> Problem requirements: Reproduce exactly, from the data that follows, the line with "Immagine prodotto Noreve", the line with "One Beautiful Restoration", and every line that lies between them.

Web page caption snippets
····················

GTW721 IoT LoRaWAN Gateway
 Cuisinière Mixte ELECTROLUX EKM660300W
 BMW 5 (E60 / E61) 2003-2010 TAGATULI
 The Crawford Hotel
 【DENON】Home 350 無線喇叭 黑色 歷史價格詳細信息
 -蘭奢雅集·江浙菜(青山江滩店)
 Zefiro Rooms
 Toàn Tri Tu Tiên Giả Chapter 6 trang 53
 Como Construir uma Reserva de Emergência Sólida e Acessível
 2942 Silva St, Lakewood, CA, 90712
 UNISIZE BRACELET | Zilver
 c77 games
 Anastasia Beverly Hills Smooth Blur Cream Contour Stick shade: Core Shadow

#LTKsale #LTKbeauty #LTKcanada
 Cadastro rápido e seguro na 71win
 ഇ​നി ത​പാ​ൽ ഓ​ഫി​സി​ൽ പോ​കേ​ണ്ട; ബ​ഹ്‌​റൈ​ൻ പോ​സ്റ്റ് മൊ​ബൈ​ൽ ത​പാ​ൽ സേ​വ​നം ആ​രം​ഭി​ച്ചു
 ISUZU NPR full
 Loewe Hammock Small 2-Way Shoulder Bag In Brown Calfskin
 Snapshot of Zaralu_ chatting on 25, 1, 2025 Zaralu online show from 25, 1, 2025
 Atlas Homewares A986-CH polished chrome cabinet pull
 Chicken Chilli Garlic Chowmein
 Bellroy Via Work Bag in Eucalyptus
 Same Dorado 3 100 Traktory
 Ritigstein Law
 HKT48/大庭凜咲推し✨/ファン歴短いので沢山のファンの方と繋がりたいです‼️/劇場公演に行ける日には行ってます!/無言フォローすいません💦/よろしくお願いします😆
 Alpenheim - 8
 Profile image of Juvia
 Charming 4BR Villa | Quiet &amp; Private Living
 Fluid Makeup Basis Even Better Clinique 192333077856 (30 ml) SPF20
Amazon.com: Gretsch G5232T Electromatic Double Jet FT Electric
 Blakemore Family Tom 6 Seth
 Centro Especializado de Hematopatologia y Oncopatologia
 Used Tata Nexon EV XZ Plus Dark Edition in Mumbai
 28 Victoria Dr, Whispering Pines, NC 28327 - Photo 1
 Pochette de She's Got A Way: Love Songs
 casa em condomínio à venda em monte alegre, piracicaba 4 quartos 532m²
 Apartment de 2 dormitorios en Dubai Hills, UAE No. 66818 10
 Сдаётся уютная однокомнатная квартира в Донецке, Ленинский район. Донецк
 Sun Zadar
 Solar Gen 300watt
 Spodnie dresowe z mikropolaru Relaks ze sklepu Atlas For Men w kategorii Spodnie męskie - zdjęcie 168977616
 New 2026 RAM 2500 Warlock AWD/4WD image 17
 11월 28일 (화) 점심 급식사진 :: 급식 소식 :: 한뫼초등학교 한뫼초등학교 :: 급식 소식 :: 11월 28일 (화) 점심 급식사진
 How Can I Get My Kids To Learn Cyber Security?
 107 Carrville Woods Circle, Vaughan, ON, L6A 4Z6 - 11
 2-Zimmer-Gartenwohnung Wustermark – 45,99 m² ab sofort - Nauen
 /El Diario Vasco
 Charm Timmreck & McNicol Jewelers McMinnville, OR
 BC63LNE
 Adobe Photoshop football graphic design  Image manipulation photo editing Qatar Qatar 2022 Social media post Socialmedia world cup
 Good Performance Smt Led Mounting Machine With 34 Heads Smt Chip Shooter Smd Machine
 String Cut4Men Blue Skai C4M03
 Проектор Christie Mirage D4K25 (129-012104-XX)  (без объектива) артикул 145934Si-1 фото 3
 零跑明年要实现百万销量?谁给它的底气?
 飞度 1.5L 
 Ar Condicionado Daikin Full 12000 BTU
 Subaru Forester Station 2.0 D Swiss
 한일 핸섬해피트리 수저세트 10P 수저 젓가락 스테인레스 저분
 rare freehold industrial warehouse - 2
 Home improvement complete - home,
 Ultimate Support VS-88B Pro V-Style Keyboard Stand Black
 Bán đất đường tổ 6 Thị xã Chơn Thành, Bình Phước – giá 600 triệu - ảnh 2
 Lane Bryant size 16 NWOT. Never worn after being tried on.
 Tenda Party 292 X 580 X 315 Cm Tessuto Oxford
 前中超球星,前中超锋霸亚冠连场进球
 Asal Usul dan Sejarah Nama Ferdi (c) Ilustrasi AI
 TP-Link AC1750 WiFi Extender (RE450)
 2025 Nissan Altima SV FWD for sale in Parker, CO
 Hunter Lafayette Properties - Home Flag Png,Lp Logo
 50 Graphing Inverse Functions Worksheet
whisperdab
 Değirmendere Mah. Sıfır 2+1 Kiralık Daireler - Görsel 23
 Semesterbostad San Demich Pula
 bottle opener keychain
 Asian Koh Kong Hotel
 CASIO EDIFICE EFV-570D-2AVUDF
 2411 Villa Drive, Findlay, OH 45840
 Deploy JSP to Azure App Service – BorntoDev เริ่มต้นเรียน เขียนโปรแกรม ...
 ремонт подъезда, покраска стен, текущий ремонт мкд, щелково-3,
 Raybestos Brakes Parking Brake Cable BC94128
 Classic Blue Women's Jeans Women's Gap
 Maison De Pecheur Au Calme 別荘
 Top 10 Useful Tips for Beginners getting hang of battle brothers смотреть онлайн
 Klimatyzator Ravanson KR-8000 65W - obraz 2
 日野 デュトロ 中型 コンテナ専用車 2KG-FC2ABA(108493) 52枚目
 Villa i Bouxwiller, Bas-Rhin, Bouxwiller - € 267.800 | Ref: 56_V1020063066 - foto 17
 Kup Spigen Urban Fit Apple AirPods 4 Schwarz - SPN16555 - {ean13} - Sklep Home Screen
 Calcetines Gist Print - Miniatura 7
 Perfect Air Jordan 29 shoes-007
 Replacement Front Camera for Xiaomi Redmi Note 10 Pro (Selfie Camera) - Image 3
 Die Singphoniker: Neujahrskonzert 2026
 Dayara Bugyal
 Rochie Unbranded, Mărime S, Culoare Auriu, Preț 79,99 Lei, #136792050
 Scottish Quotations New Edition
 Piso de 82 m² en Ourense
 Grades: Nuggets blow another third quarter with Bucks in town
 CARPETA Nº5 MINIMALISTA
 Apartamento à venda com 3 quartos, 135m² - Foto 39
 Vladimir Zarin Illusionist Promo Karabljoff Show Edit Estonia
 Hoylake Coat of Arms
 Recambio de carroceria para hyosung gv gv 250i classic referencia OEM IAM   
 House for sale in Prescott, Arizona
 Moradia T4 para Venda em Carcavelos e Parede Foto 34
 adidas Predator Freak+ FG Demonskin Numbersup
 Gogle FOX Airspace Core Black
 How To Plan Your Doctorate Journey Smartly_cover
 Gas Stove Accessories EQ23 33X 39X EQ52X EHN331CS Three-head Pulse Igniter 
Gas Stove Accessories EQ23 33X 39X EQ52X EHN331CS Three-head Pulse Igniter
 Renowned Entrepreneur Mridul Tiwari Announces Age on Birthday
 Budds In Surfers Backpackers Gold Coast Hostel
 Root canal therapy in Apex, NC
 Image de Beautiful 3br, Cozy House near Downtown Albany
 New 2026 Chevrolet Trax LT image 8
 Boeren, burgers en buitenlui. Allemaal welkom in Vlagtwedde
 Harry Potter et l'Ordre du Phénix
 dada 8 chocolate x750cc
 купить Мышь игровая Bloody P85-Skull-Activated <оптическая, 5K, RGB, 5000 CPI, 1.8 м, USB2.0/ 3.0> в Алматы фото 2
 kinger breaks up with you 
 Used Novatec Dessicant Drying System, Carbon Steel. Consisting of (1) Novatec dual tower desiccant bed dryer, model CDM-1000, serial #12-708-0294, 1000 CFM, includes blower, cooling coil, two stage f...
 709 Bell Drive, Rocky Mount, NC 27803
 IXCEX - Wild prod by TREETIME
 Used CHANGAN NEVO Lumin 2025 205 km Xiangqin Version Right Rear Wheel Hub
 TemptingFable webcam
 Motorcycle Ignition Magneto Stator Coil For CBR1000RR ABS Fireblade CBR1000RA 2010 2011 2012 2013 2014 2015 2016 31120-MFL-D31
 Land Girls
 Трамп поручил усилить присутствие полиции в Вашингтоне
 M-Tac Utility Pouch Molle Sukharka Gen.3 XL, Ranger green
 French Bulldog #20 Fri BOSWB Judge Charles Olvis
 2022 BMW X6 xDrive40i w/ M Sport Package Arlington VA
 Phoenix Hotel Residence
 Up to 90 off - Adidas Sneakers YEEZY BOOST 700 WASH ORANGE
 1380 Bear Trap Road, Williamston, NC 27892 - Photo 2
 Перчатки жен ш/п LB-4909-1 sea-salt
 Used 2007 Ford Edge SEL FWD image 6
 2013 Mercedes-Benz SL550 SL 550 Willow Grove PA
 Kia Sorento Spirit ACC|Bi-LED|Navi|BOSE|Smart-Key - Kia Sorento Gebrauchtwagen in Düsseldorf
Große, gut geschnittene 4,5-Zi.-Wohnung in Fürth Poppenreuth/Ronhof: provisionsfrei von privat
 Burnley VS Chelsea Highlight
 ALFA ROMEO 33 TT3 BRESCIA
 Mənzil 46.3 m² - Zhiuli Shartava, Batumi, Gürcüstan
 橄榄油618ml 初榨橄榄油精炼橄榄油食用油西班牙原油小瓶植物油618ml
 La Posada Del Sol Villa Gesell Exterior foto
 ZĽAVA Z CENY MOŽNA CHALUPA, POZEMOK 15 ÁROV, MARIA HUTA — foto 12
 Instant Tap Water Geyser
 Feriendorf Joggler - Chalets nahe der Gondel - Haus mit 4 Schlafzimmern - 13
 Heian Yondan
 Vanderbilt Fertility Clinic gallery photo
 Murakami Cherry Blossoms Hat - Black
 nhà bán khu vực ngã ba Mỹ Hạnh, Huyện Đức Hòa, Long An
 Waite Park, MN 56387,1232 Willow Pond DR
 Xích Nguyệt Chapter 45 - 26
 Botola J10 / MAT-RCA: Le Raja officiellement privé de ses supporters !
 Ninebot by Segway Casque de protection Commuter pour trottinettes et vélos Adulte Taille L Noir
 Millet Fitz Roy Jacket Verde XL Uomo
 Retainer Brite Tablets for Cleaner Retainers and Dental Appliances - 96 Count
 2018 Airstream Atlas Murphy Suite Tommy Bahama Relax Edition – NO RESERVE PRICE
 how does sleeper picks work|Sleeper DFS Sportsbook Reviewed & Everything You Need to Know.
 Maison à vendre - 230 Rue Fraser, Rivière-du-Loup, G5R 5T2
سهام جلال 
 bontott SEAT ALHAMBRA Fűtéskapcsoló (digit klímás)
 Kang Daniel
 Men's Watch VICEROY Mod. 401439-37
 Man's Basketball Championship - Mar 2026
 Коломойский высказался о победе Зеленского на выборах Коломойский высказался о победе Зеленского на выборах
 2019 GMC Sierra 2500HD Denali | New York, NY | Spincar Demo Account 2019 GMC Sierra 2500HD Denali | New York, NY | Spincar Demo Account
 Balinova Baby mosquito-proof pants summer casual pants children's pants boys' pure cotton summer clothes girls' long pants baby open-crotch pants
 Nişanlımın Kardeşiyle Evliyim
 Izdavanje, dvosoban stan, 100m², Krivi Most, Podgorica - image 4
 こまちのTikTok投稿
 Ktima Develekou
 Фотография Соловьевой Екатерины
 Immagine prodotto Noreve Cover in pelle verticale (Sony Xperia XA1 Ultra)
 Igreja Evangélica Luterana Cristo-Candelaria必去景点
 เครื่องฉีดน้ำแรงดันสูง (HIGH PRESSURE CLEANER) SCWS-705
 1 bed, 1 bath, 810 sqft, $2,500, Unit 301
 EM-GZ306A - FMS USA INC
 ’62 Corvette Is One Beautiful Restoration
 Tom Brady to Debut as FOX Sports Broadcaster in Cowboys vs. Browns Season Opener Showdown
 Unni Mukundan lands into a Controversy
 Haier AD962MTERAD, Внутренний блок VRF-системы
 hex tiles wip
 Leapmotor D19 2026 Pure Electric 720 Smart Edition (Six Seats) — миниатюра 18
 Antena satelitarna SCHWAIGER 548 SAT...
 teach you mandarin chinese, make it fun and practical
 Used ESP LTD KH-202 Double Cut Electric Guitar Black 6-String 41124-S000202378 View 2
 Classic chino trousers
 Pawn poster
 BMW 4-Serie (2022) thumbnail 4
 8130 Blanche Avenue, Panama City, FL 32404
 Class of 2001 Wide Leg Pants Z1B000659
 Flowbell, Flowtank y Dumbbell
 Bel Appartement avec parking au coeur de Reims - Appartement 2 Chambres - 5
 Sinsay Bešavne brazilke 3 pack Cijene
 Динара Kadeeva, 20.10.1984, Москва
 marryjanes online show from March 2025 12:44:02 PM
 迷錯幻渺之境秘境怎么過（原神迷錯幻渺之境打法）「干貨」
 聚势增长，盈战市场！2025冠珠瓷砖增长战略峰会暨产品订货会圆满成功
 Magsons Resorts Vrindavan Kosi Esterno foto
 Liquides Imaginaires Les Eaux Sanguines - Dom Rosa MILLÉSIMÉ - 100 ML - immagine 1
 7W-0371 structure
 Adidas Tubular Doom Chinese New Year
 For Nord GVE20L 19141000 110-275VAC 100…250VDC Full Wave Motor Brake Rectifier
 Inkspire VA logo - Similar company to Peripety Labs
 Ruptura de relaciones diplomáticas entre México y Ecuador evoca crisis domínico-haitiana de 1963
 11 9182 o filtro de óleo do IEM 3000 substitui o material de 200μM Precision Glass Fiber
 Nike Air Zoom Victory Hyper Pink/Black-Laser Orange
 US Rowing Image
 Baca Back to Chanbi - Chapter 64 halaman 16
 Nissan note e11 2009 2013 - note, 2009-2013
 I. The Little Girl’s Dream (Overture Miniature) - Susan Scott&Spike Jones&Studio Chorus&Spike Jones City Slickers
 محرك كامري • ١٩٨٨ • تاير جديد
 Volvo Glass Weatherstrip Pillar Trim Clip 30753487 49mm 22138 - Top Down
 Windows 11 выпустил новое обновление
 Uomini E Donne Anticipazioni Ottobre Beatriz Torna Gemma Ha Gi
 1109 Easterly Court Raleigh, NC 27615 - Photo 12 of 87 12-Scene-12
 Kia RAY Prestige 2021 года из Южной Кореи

····················

> Task result:
 Immagine prodotto Noreve Cover in pelle verticale (Sony Xperia XA1 Ultra)
 Igreja Evangélica Luterana Cristo-Candelaria必去景点
 เครื่องฉีดน้ำแรงดันสูง (HIGH PRESSURE CLEANER) SCWS-705
 1 bed, 1 bath, 810 sqft, $2,500, Unit 301
 EM-GZ306A - FMS USA INC
 ’62 Corvette Is One Beautiful Restoration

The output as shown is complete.